**** Given information

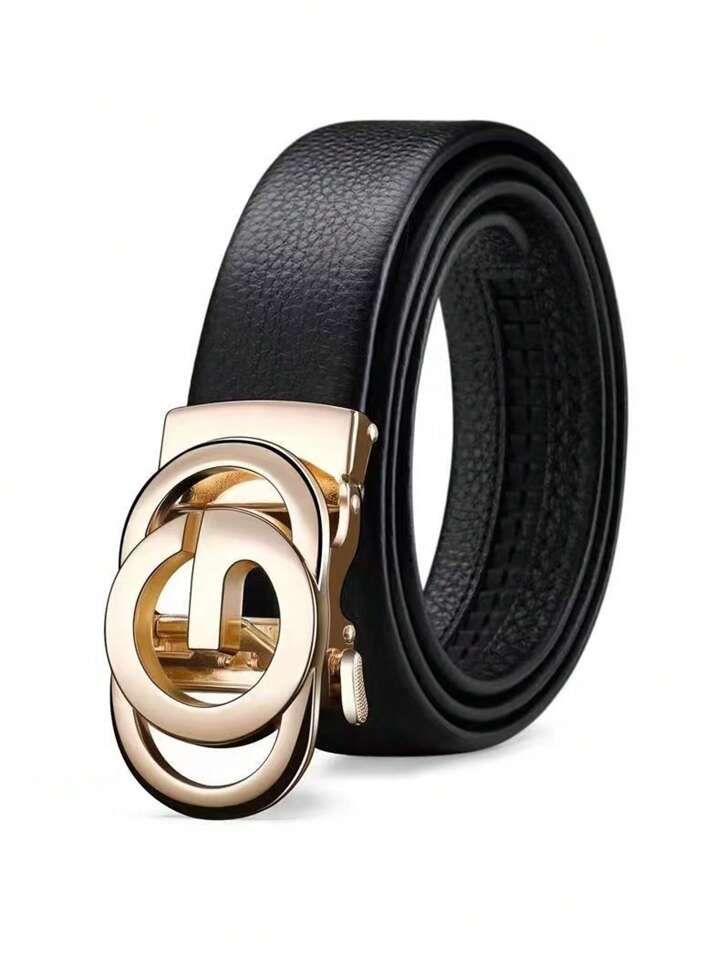 1pc Black Belt With Gold Buckle Suitable For Daily Business Wear | SHEIN
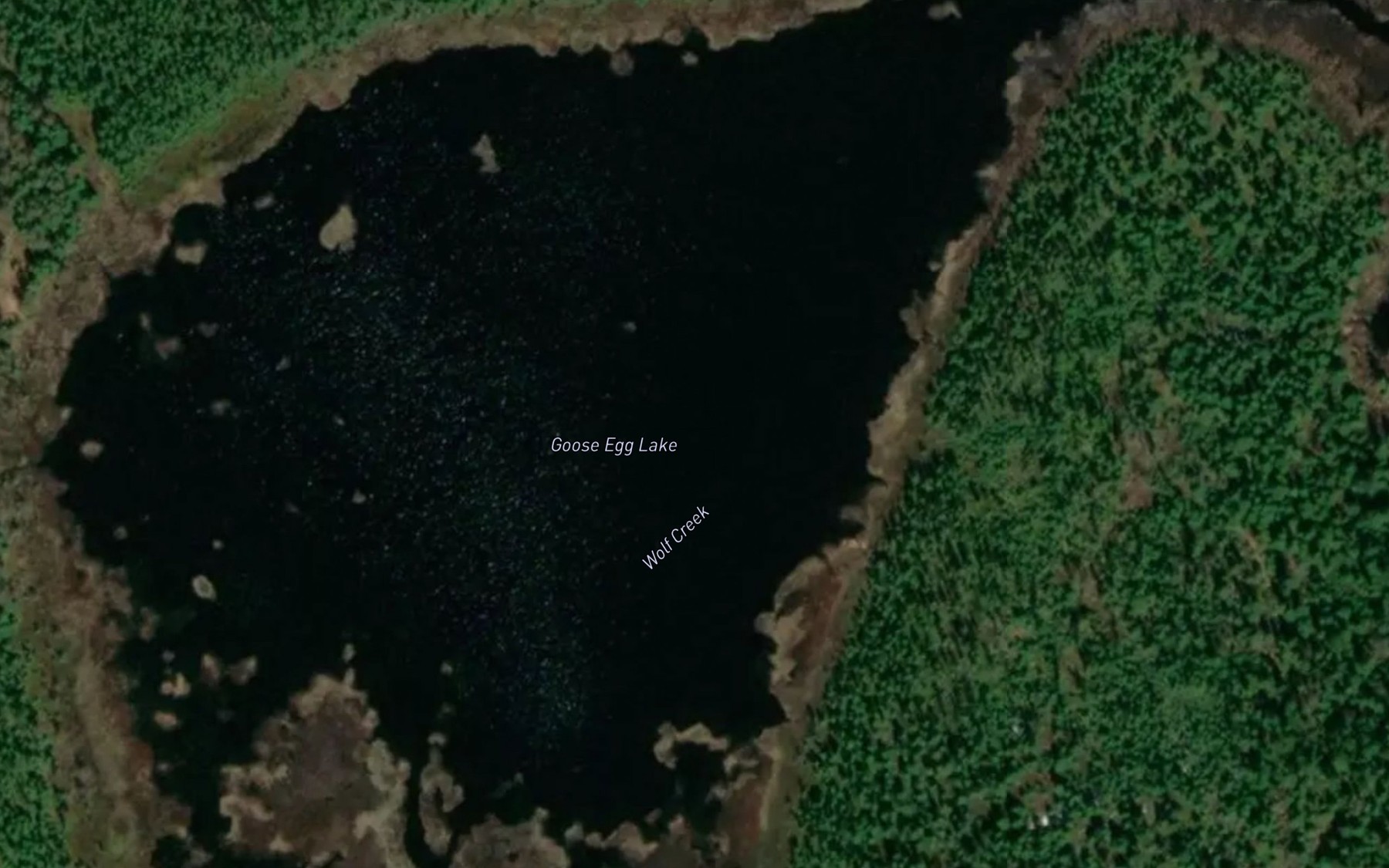 Satellite map of the Goose Egg Lake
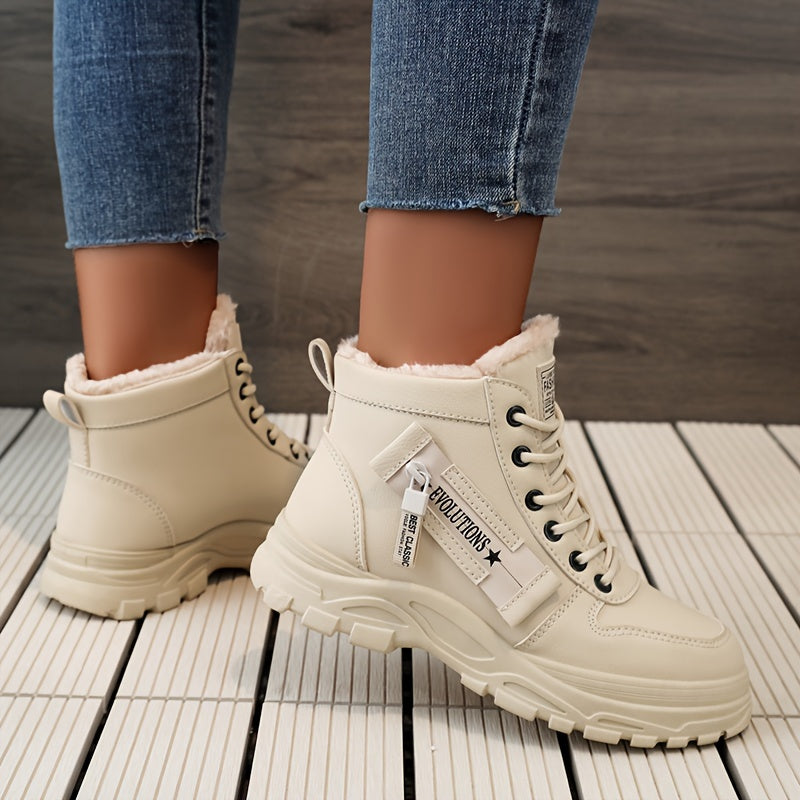 [Stylish Winter Boots] Stylish White Women's K2001 High-Top Winter Boots | Faux Fur Lining, Waterproof PVC Sole, Casual All-Season Footwear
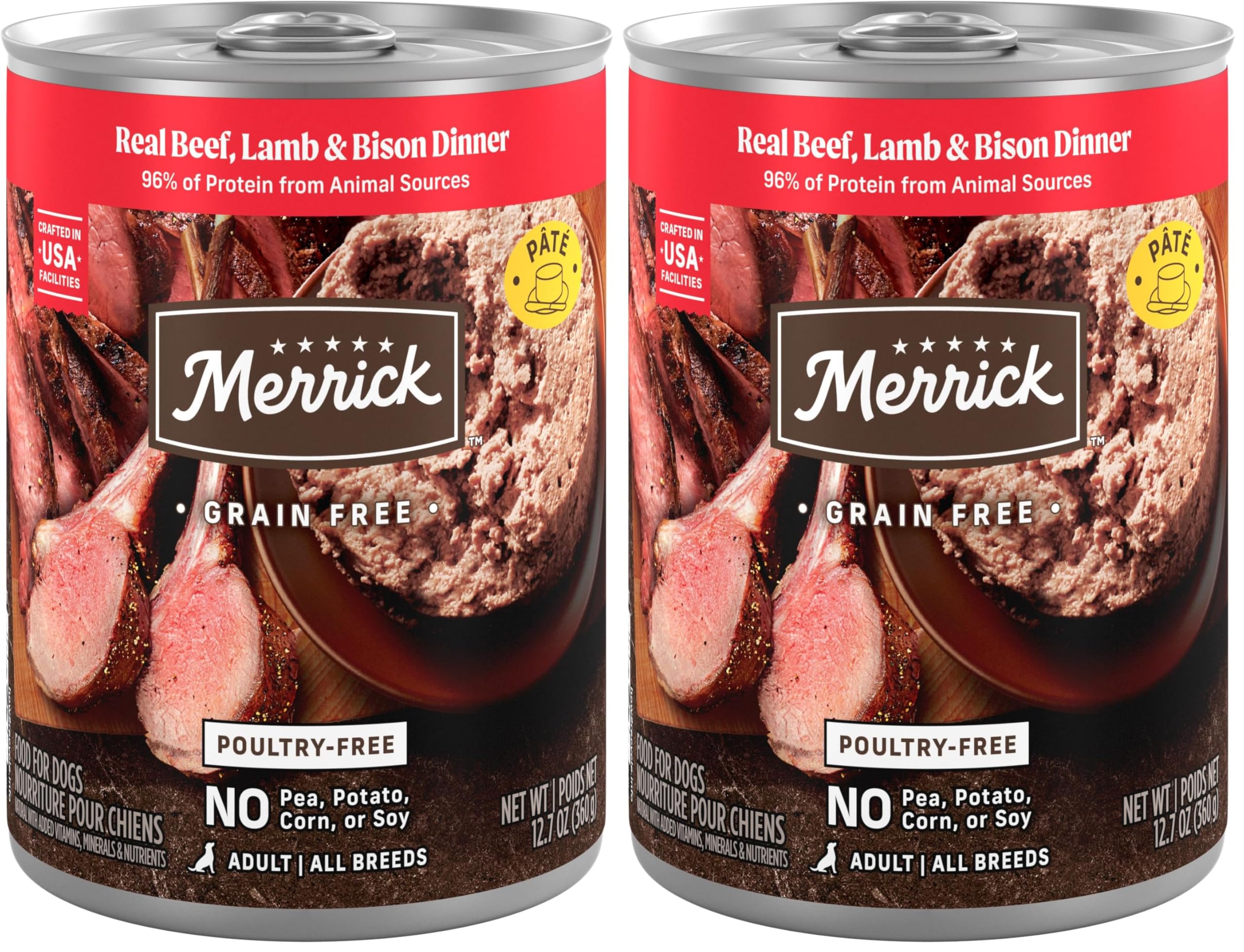 Merrick Grain Free Premium and Natural Canned Dog Food, Soft &amp; Healthy Poultry Free Wet Recipe, Real Beef Lamb and Bison - 12.7 oz. Cans, (Pack of 24)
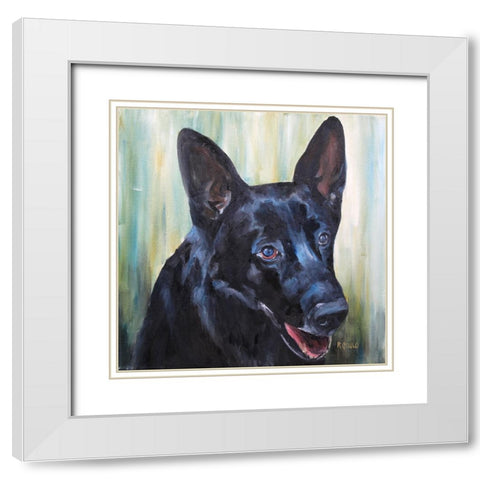 Dog 2-18 White Modern Wood Framed Art Print with Double Matting by Gould, Renee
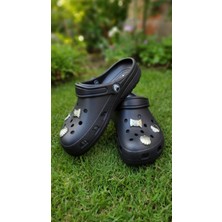 Stil Shoes Kadın Cros Sabo Terlik Deniz Havuz Plaj Bahçe Terlik Burnu Kapalı Taşlı Aksesuarlı Terlik E014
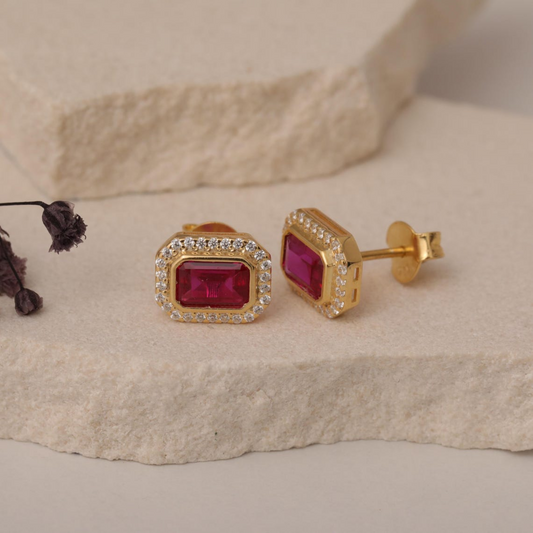 Rectangle Ruby Bezel Stud Earrings in 10K/14K Solid Gold Surrounded with Real Diamonds, July  Birthstone Jewelry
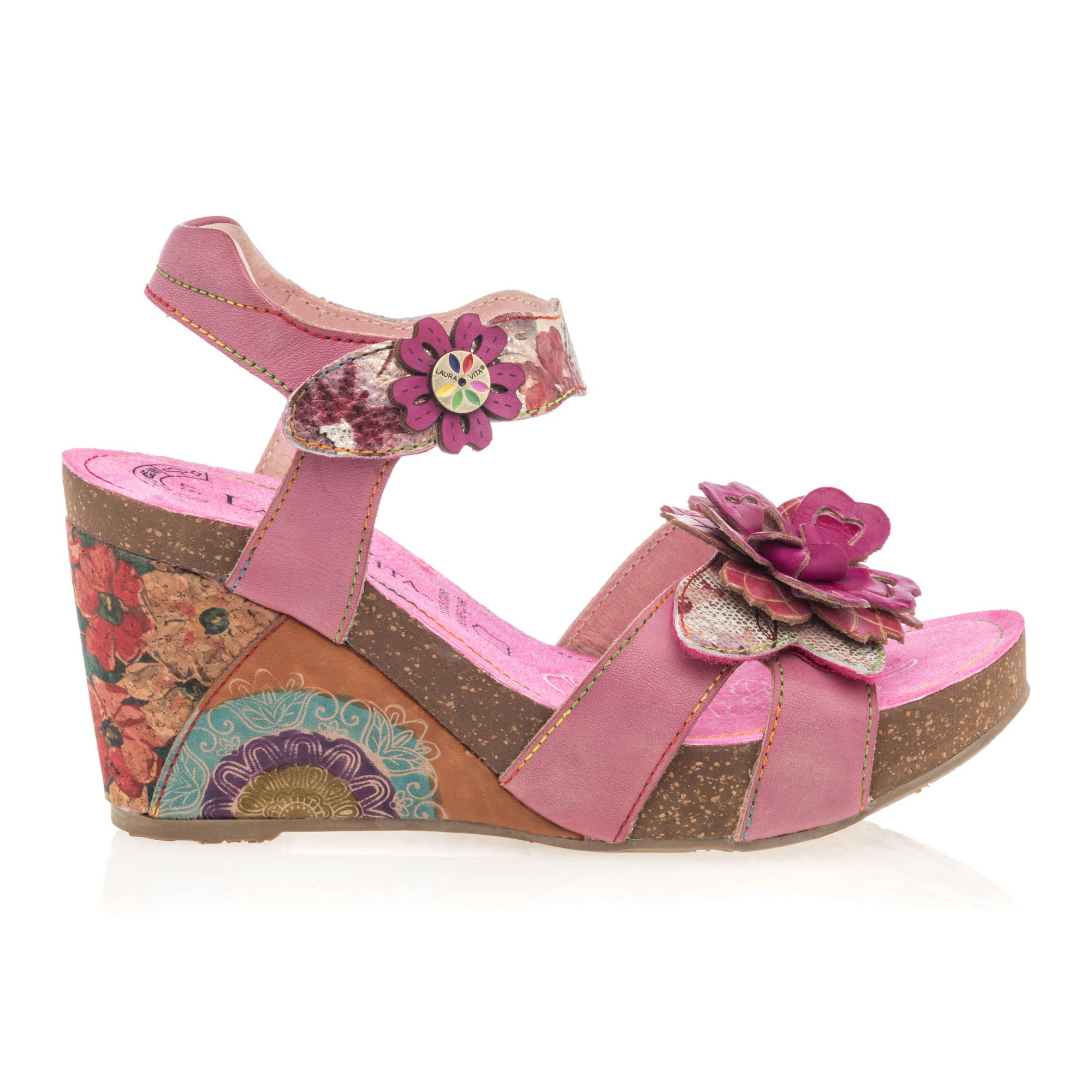 Sandales à talon compensé Femme en cuir rose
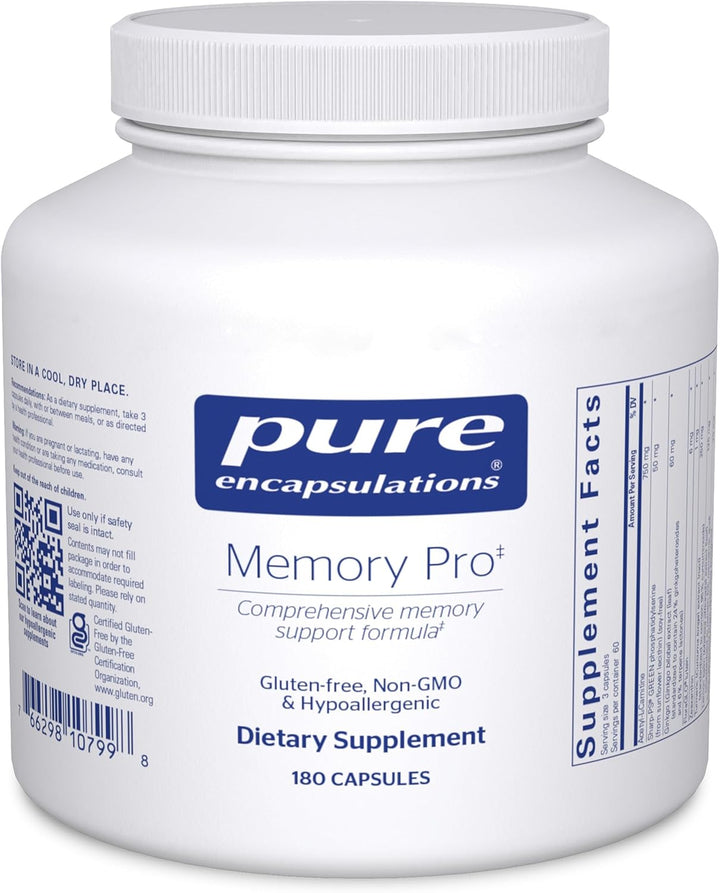 Pure Encapsulations Memory Pro dietary supplement bottle with 180 capsules supporting cognitive and brain function.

********

What is expected →
Pictures must not appear in the copy, and every record must be restated word for word.

Result of this exercise →
 1pc Black Belt With Gold Buckle Suitable For Daily Business Wear | SHEIN
 Satellite map of the Goose Egg Lake
 [Stylish Winter Boots] Stylish White Women's K2001 High-Top Winter Boots | Faux Fur Lining, Waterproof PVC Sole, Casual All-Season Footwear
 Merrick Grain Free Premium and Natural Canned Dog Food, Soft &amp; Healthy Poultry Free Wet Recipe, Real Beef Lamb and Bison - 12.7 oz. Cans, (Pack of 24)
 Dog 2-18 White Modern Wood Framed Art Print with Double Matting by Gould, Renee
 Stil Shoes Kadın Cros Sabo Terlik Deniz Havuz Plaj Bahçe Terlik Burnu Kapalı Taşlı Aksesuarlı Terlik E014
 Rectangle Ruby Bezel Stud Earrings in 10K/14K Solid Gold Surrounded with Real Diamonds, July  Birthstone Jewelry
 Sandales à talon compensé Femme en cuir rose
 Pure Encapsulations Memory Pro dietary supplement bottle with 180 capsules supporting cognitive and brain function.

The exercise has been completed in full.